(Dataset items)
▼▼▼

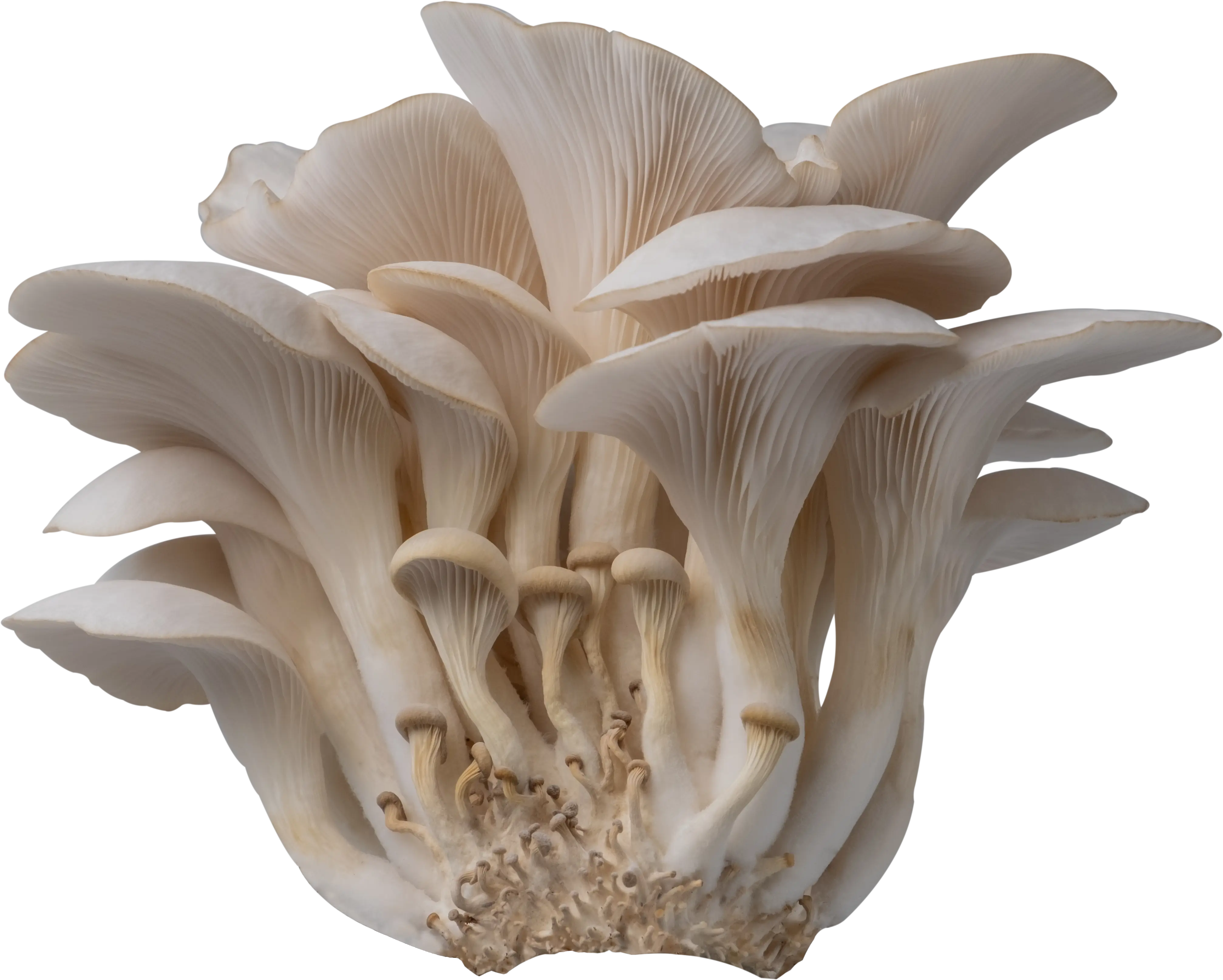 A cluster of light beige oyster mushrooms with fan-shaped caps and visible gills, overlaid on the North Spore logo.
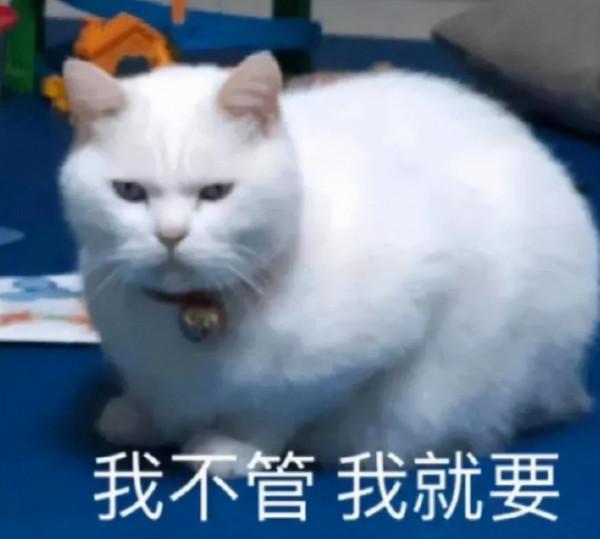 除了關曉彤,原來還有這麼多“皇親國戚”?有一位已經被封了 除了關曉彤,原來還有這麼多“皇親國戚”?有一位已經被封了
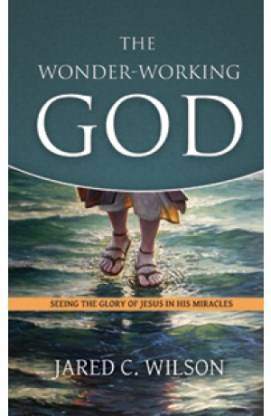 WONDER0WORKING GOD SEEING THE GLORY OF JESUS IND ED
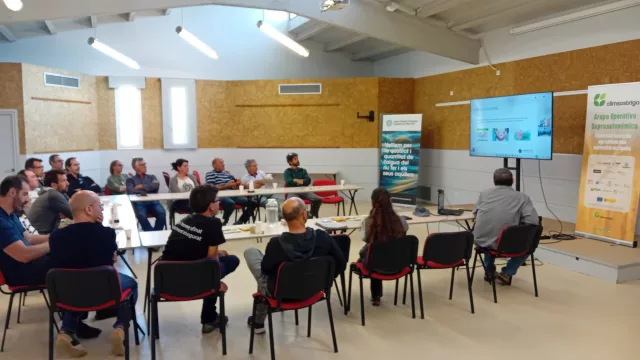 CLIMSOSTRIGO refuerza en el campo la innovación en trigo panificable frente al cambio climático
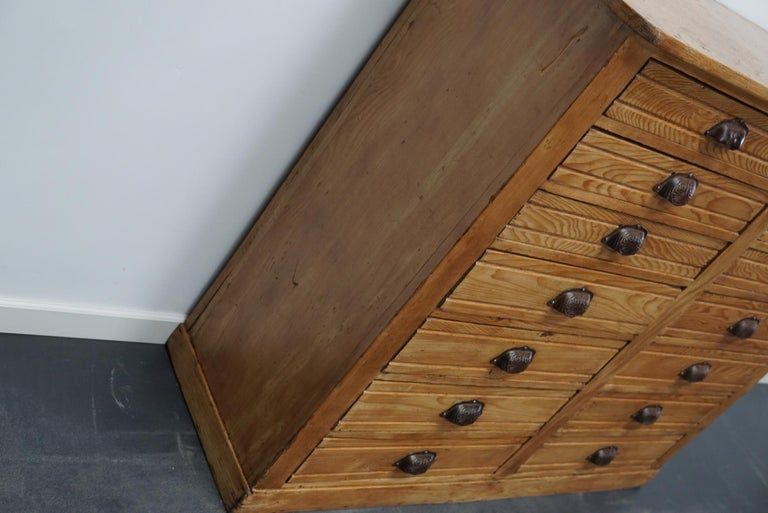 Apothecary furniture in French pine twentieth century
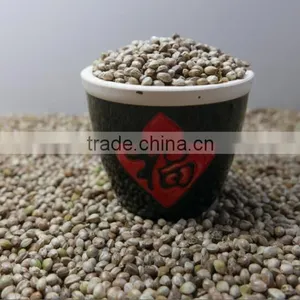 Hemp Seeds With High Quality 2016 Crop thumbnail-2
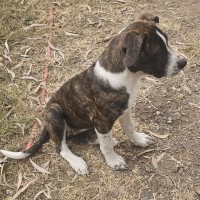 Photo of Molly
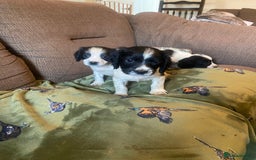 English Springer Spaniel dogs for sale: English springer spaniel puppies  - Image 6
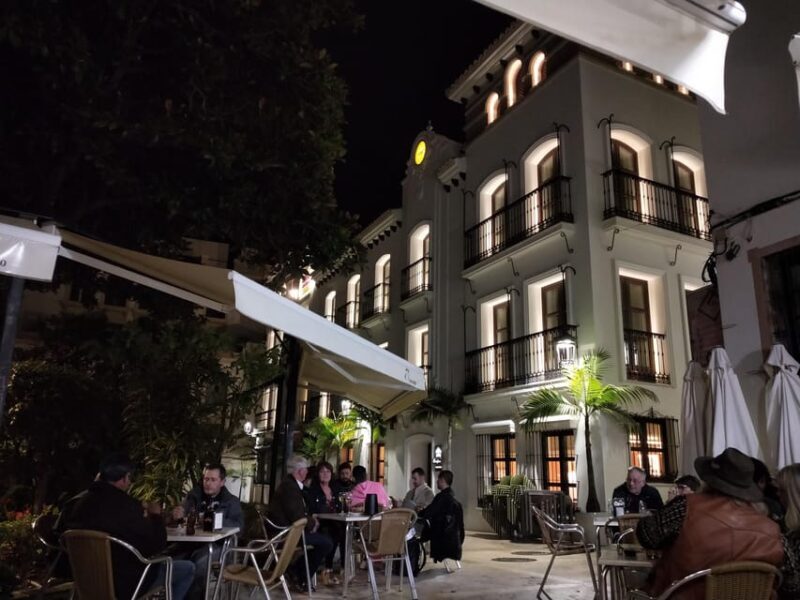 Estepona Walking Tour - City History, Culture & Gastronomy - Value for Money and Practicalities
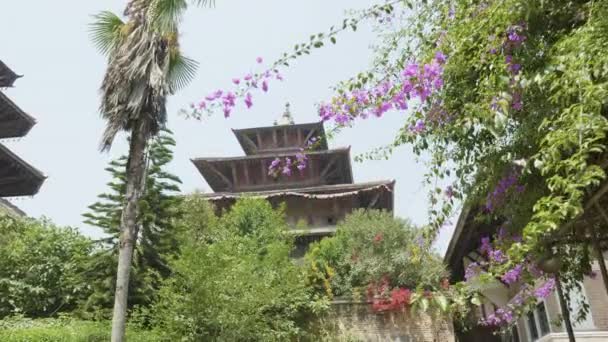 Ancienne ville Patan dans la vallée de Katmandou. Népal . — Video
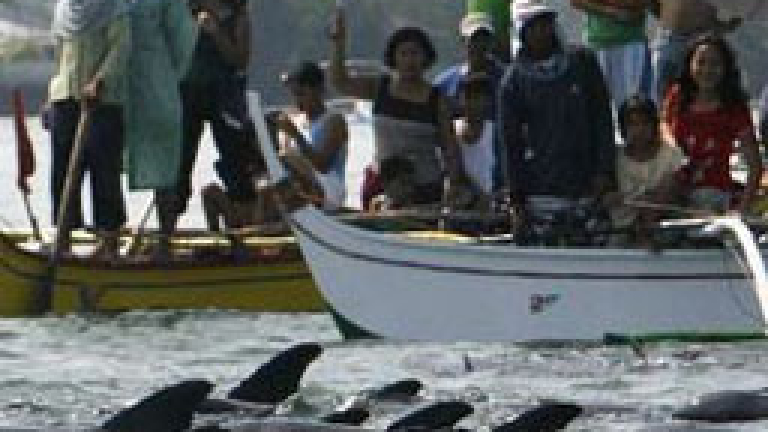 Изображение 71112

▲▲▲

What you write out is the stretch of entries from the line containing "CLIMSOSTRIGO refuerza en" to the line containing "English Springer Spaniel dogs", word for word, with both end lines and no pictures.

 CLIMSOSTRIGO refuerza en el campo la innovación en trigo panificable frente al cambio climático
 Apothecary furniture in French pine twentieth century
 Hemp Seeds With High Quality 2016 Crop thumbnail-2
 Photo of Molly
 English Springer Spaniel dogs for sale: English springer spaniel puppies  - Image 6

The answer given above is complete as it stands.